5. I understand that a subset B of vector space V over R is a basis o V if B is linearly independant and Span B = V... I also understand dimensions. I'm just not very clear on proofs. And as for your question of "If {u,v} is a basis for a v-space then the dimension is 2. What does that mean for any other spanning set of two vectors?"

This means that for any other spanning set of two vectors, the dimension is also 2

6. Originally Posted by leungsta
"If {u,v} is a basis for a v-space then the dimension is 2. What does that mean for any other spanning set of two vectors?"
This means that for any other spanning set of two vectors, the dimension is also 2
Good. It does mean that any spanning set has at least two vectors.
It also means that any two independent vectors will be a basis.

So we have two approaches to doing this problem. I chose the ‘spanning’ option.
But can you show that {(u+v),au} are independent?

7. Originally Posted by Plato
Good. It does mean that any spanning set has at least two vectors.
It also means that any two independent vectors will be a basis.

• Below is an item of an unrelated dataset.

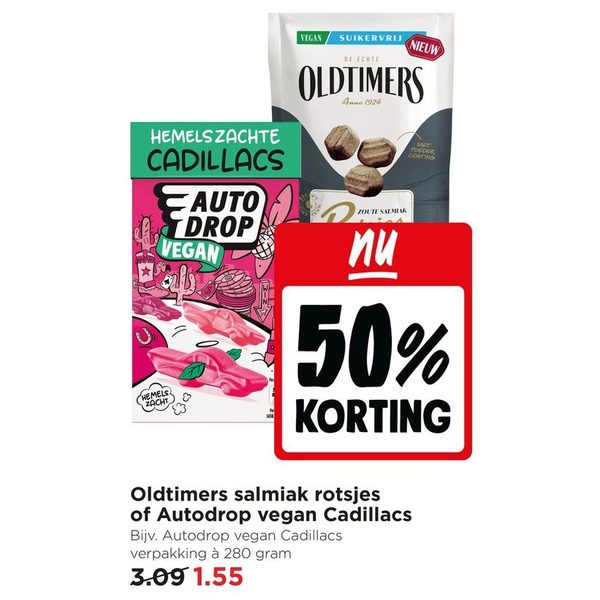 Oldtimers salmiak rotsjes of Autodrop vegan Cadillacs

So we have two approaches to doing this problem. I chose the ‘spanning’ option.
But can you show that {(u+v),au} are independent?
So if w is in span {u,v} then w is in span {u + v, au}. And if {u,v} are linear independant then {u + v, au} must also be independant?

Sorry i'm really not good with proofs...

8. Originally Posted by leungsta
And if {u,v} are linear independant then {u + v, au} must also be independant?
NO! That is completely wrong.
The fact that you are given that {u,v} is a basis means they are independent.
Now I asked you if you understood the definition of basis.
I don’t think that you do.

But here goes if $\lambda \left( {u + v} \right) + \eta \left( {au} \right) = 0$ then because u & v are independent we get $\left( {\lambda + a\eta } \right)u + \lambda v = 0\; \Rightarrow \;\left( {\lambda + a\eta } \right) = 0\;\& \;\lambda = 0$.
But that means $a\eta = 0\;\& \;a \ne 0\; \Rightarrow \;\eta = 0$.
Now if you do understand about independence then you see that u+v & au are independent.

Now, I cannot go beyond this in helping you.
If this still leaves you clueless, please go to your instructor. Look, simply using the old excuse “I am not good at proofs” does not cut it. The simple fact is: People who cannot do proofs have no business in mathematics courses. There is a reason why people who do well in mathematics course are rewarded.